Open Access News

News from the open access movement


Thursday, June 19, 2008

OA as a priority for librarians

Eric Lease Morgan, Top Tech Trends for ALA (Summer ‘08), LITA Blog, June 19, 2008.  Excerpt:

Here is a non-exhaustive list of Top Technology Trends for the American Library Association Annual Meeting (Summer, 2008). These Trends represent general directions regarding computing in libraries — short-term future directions where, from my perspective, things are or could be going. They are listed in no priority order....

  • Data sets - Increasingly it is not enough for the scholar or researcher to evaluate old texts or do experiments and then write an article accordingly. Instead it is becoming increasingly important to distribute the data and information the scholar or researcher used to come to their conclusions. This data and information needs to be just as accessible as the resulting article. How will this access be sustained? How will it be described and made available? To what degree will it be important to preserve this data and/or migrate it forward in time? These sorts of questions require some thought. Libraries have experience in these regards. Get your foot in the door, and help the authors address these issues.
  • Institutional repositories - I don’t hear as much noise about institutional repositories as I used to hear. I think their lack of popularity is directly related to the problems they are designed to solve, namely, long-term access. Don’t get me wrong, long-term access is definitely a good thing, but that is a library value. In order to be compelling, institutional repositories need to solve the problems of depositors, not the librarians. What do authors get by putting their content in an institutional repository that they don’t get elsewhere? If they supported version control, collaboration, commenting, tagging, better syndication and possibilities for content reuse — in other words, services against the content — then institutional repositories might prove to be more popular....
  • Open Access Publishing - Like its sister, institutional repositories, I don’t hear as much about open access publishing as I used to hear. We all know it is a “good thing” but like so many things that are “free” its value is only calculated by the amount of money paid for it. “The journals from this publisher are very expensive. We had better promote them and make them readily visible on our website in order for us to get our money’s worth.” In a library setting, the value of material is not based on dollars but rather on things such as but limited to usefulness, applicability, keen insight, scholarship, and timeliness. Open access publishing content manifests these characteristics as much a traditionally published materials. Open access content can be made even more valuable if its open nature were exploited. Like the content found in institutional repositories, and like the functions of “next generation” library catalogs outlined above, the ability to provide services against open access content are almost limitless. More than any other content, open access content combined with content from things like the Open Content Alliance and Project Gutenburg can be freely collected, indexed, searched, and then put into the context of the patron. Create bibliography. Trace citation. Find similar words and phrases between articles and books. Take an active role in making open access publishing more of a reality. Don’t wait for the other guy. You are a part of the solution....
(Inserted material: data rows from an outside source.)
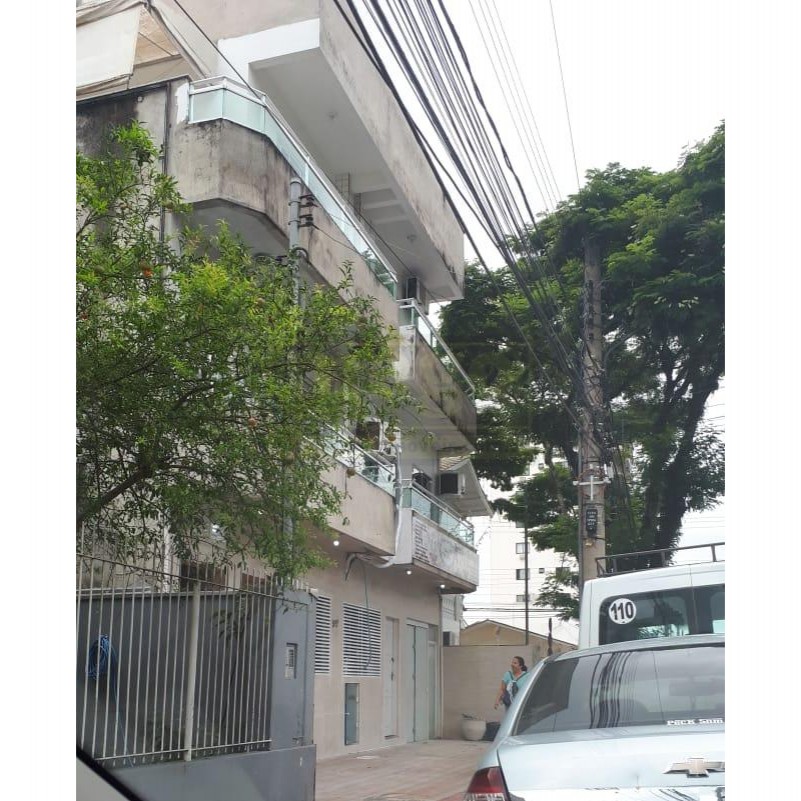 Prédio Comercial com 8 apartamentos para Venda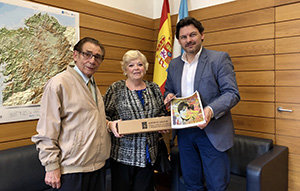 Rodríguez Miranda entregó a Concepción Suané material sobre el Día das Letras Galegas 2018. Rodríguez Miranda entregó a Concepción Suané material sobre el Día das Letras Galegas 2018.
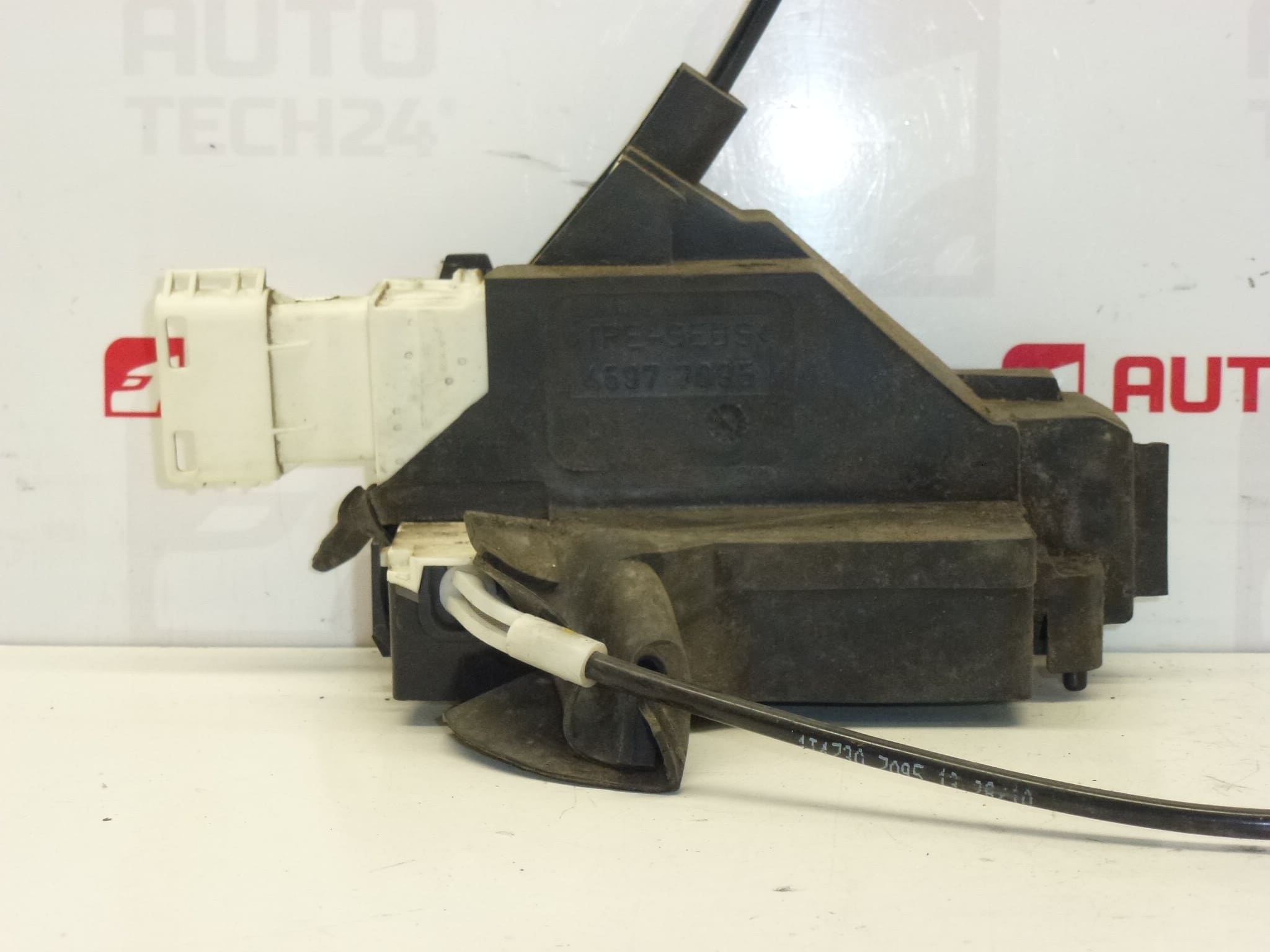 Verrouillage porte gauche Peugeot 407 9686691980 9137Q7 – Image 2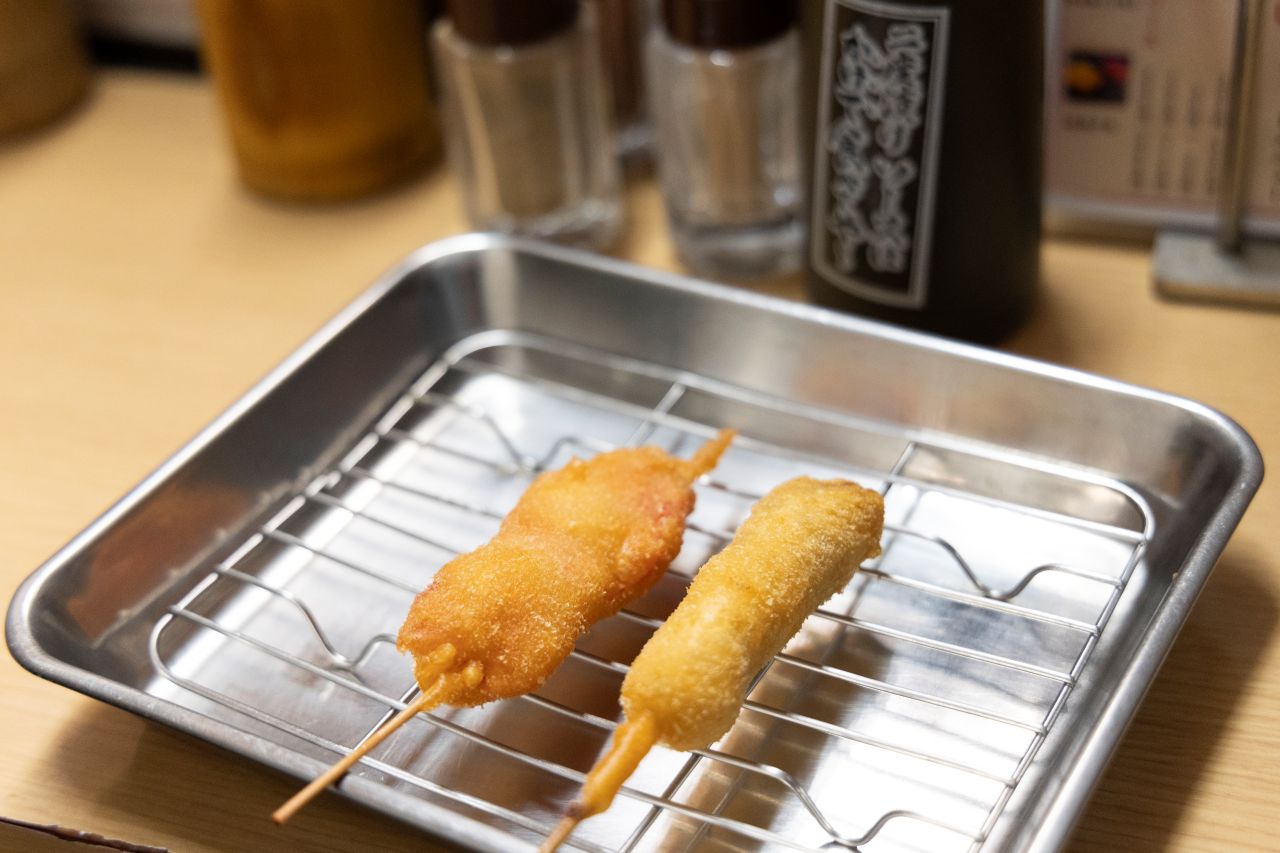 画像: (右から)元祖串かつ143円、紅生姜143円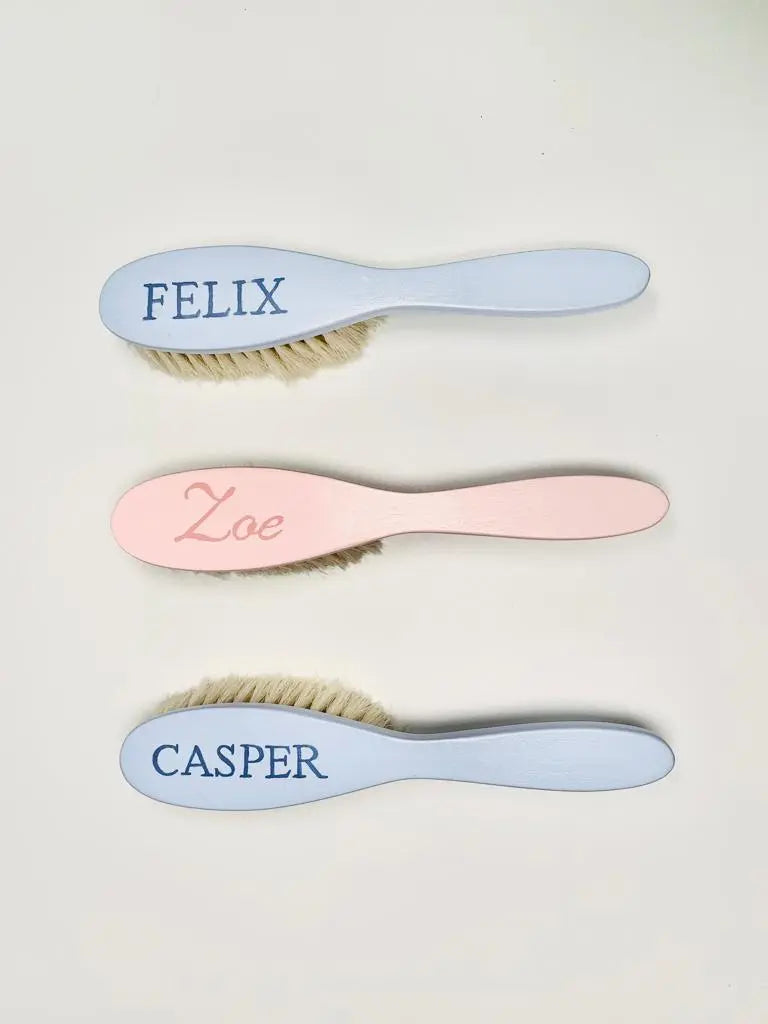Hairbrush pink-Toiletries & baby brushes-Blue Almonds-Blue Almonds-London-South Kensington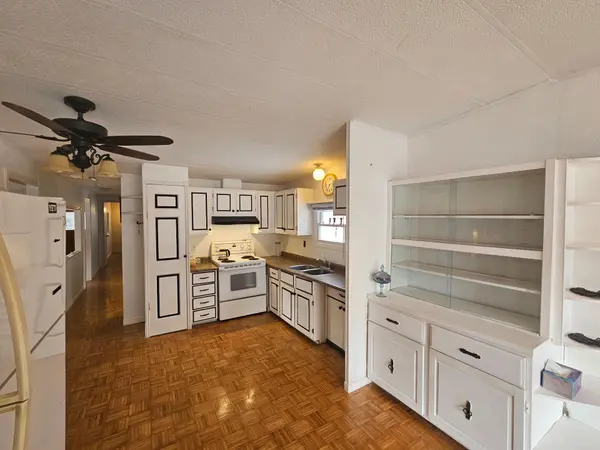 172 Birch ST, Perth East, ON N5A 6S6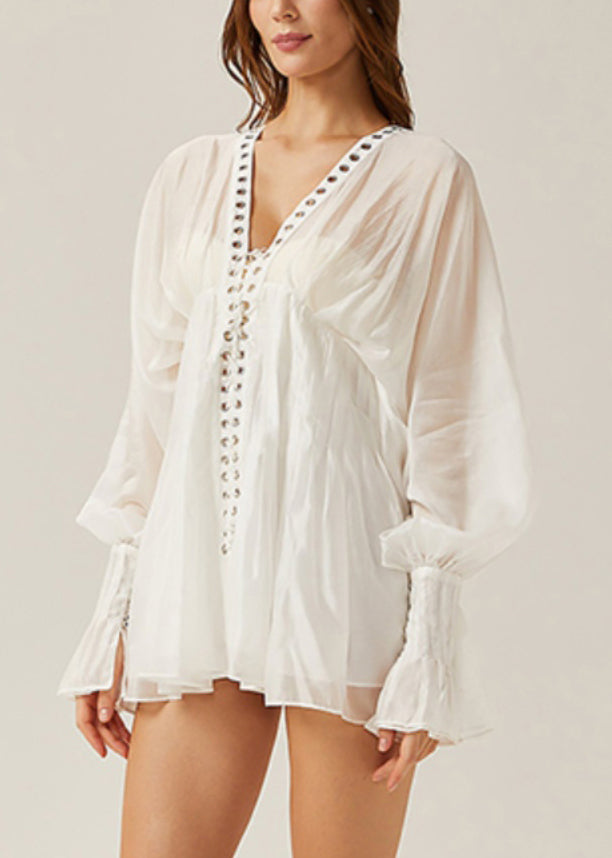 Classic Vintage Blouse with a Flattering Fit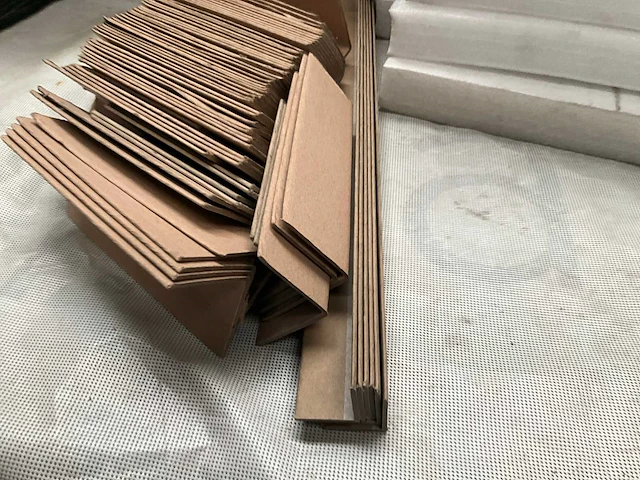 Partij diverse beschermingsmaterialen voor inpak - afbeelding 4 van  6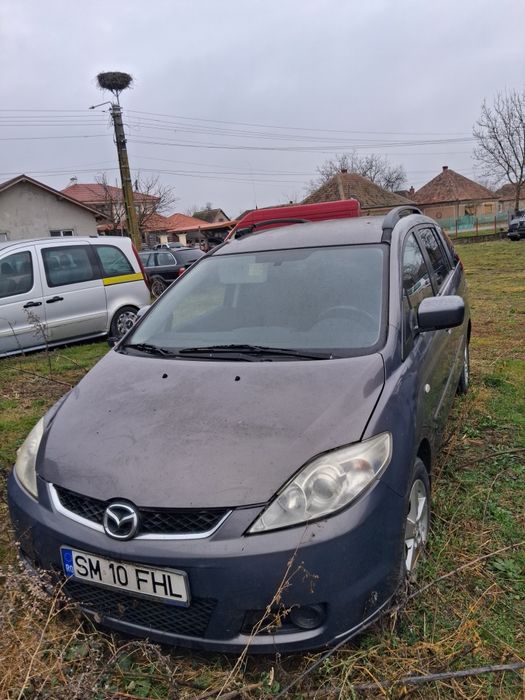 Vand mazda 5 cu motor defect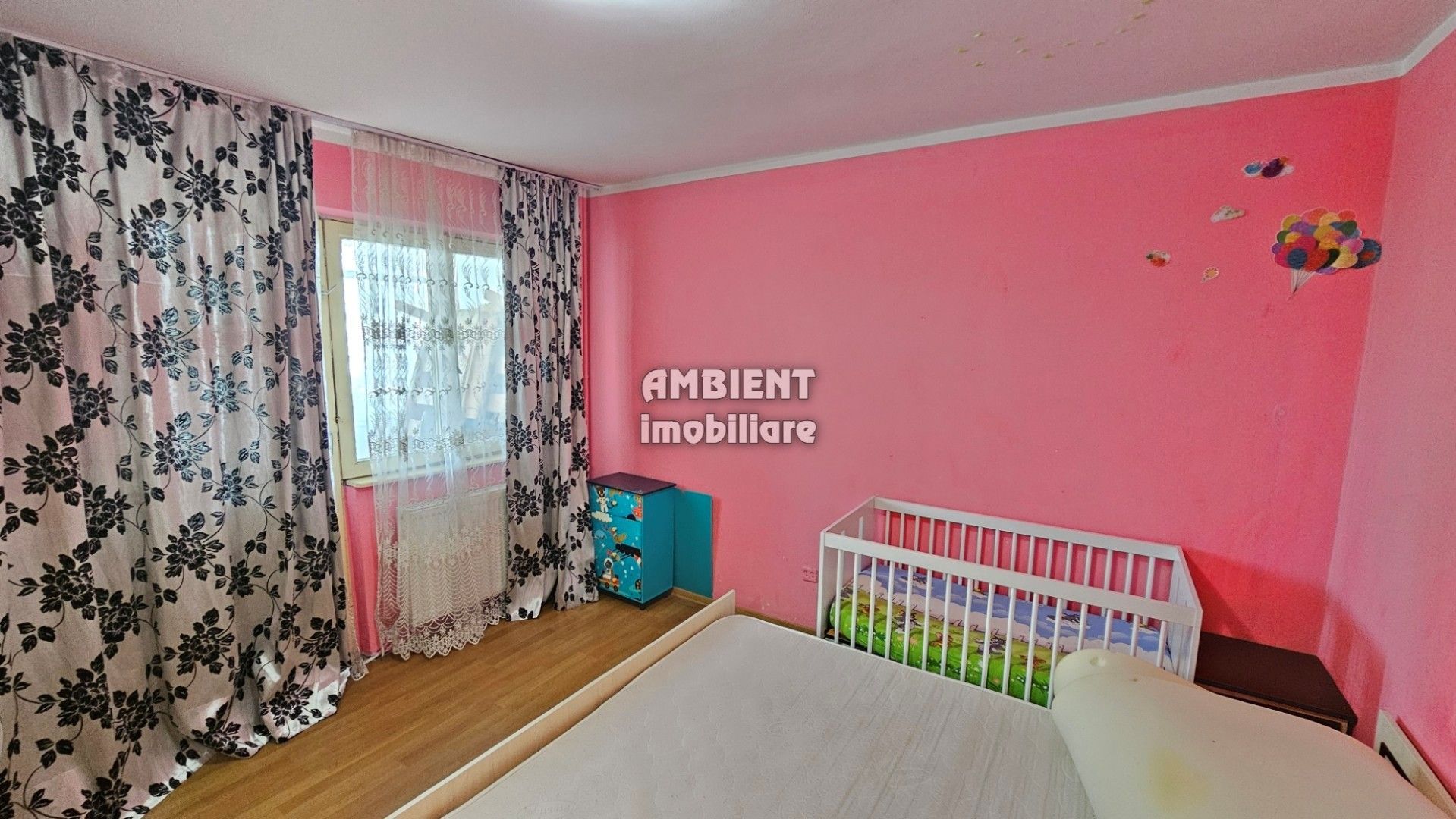 Apartament cu 2 camere, decomandate, zona CENTRU; - Poză 3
Update (6/29/08). Sarah Houghton-Jan posted her list of top technology trends to the same blog. She sticks to five, and OA still makes the cut:

Libraries are going to soon start getting off of our pricey pedestals and only featuring digital content that we pay for. Yes, we all pay thousands of dollars for some excellent downloadable audio books, encyclopedias, journals, and a lot more. But all of that lovely open access (read: free) digital content that exists out there through sites like the Directory of Open Access Journals, Project Gutenberg, and more are credible and respected, and we owe it to our users to let them know about this content.